Usus buntu merupakan sebuah organ kecil yang ada pada ujung usus besar. Organ ini acapkali menjalani penyumbatan ataupun peradangan yang diketahui dengan keadaan radang usus buntu (apendisitis).
Keadaan ini sesungguhnya tak membahayakan bila diatasi dengan segera. Tetapi bila didiamkan, usus buntu dapat membahayakan nyawa. Tetapi, sebelum itu berlangsung, anda dapat menghindari penyakit ini melalui memerhatikan makanan bergizi. Apa saja itu?
Berikut beberapa makanan dan minuman yang dianjurkan guna mencegah radang usus buntu (apendistis).
1. Asupan Berserat
Radang usus buntu bisa diakibatkan oleh penimbunan feses yang menjadi keras (fekalit). keadaan ini kemungkinan besar berlangsung pada orang yang kurang banyak mengkonsumsi asupan berserat seperti sayur dan buah.

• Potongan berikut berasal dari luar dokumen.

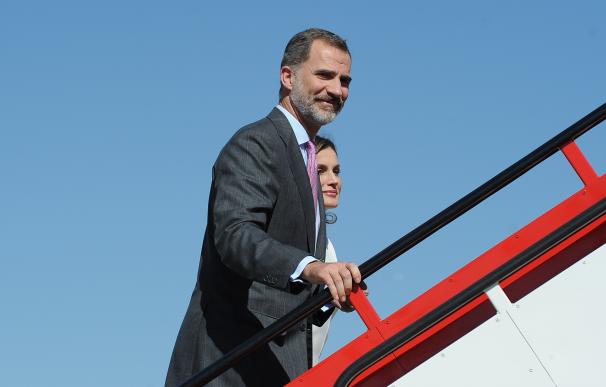 Los Reyes Felipe y Letizia ponen rumbo a Reino Unido entre Honores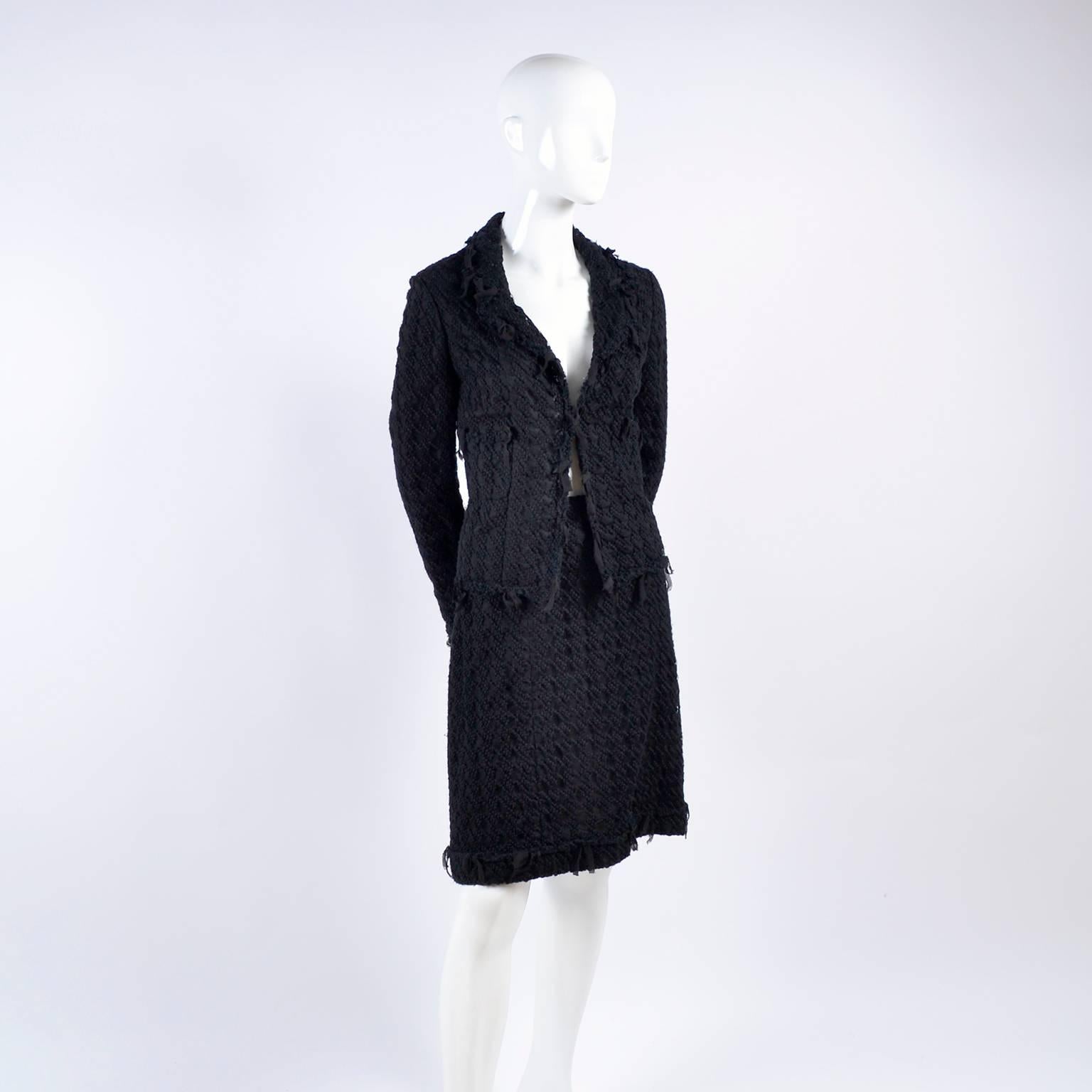 Chanel Jacket and Skirt Suit in Black Wool Tweed and Mesh With Ribbon Trim  9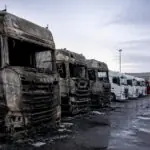 Καμένα φορτηγά σε συμβολική απεικόνιση εγκατάστασης επαγγελματικών οχημάτων στη Λειψία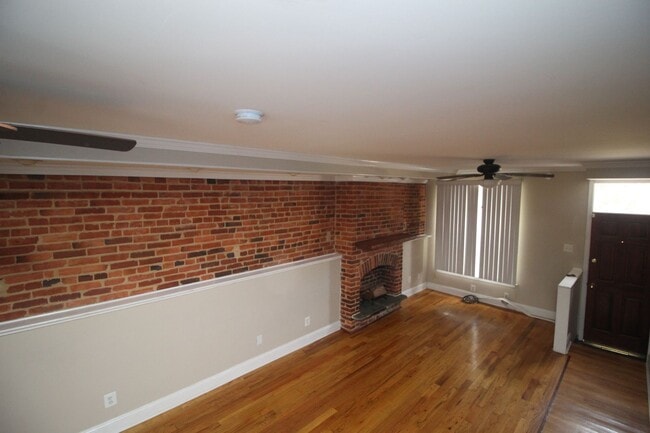 Building Photo - Simply Perfect Canton 2bd/2ba Rowhome w/ Parking! Available 5/11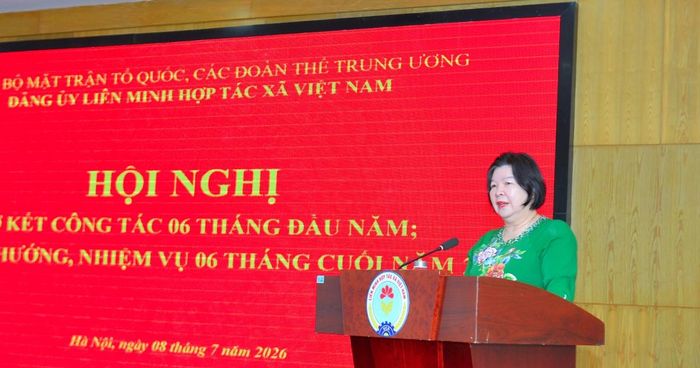 Bí thư Đảng ủy, Chủ tịch Liên minh HTX Việt Nam Cao Xuân Thu Vân phát biểu tại Hội nghị.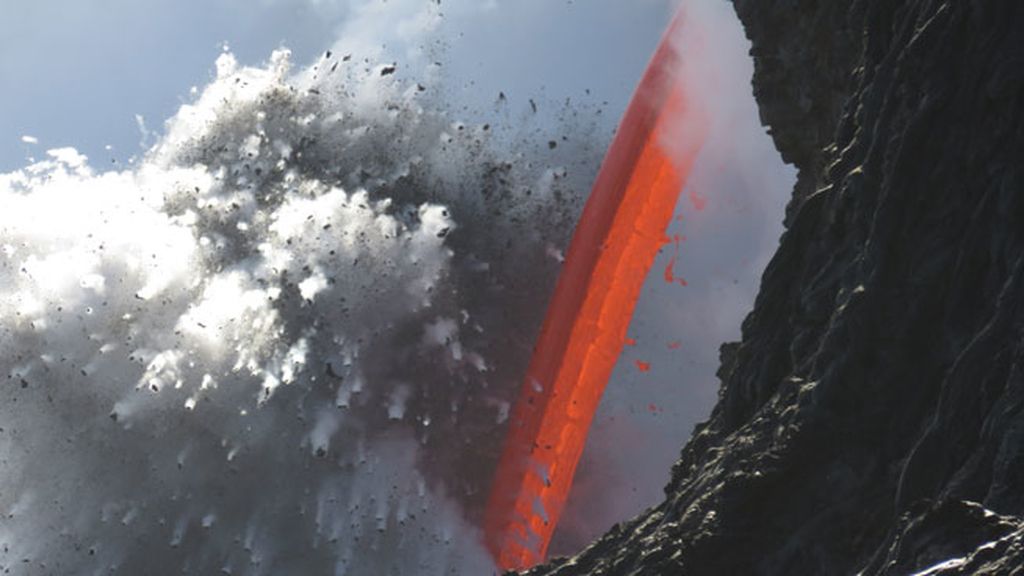 Las impresionantes fotos del volcán Kilauea en acción: del chorro de lava, al Pacífico
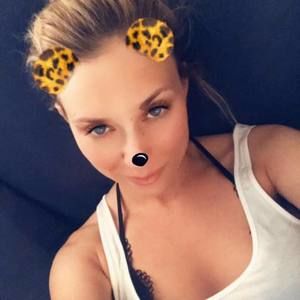 Meet your Posher, Magdalena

Sebuah penelitian yang dikerjakan oleh Universitas Sumatera Utara memperlihatkan kalau 14 dari 19 anak dengan keadaan radang usus buntu kronis dikenali jarang mengkonsumsi asupan berserat.
Mengkonsumsi asupan berserat bisa mendukung membawa lebih banyak air ke usus besar sehingga struktur feses tetap lunak dan gampang dibuang oleh badan. Serat pun memicu gerakan usus tetap wajar.
2. Asupan Probiotik
Asupan yang memiliki kandungan probiotik, seperti yoghurt, tempe, ataupun kimchi bisa mendukung mempertahankan kesehatan sistem pencernaan badan Anda. Secara tak langsung, ini pun mengurangi kemungkinan timbulnya radang usus buntu.
3. Minum air putih
Tidak hanya menghindari dehidrasi, minum banyak air putih bisa mengoptimalkan kemampuan usus dan serat makanan berperan dengan baik di usus. Bila minum air putih yang lumayan, asupan yang disantap bisa dengan mulus melalui saluran pencernaan.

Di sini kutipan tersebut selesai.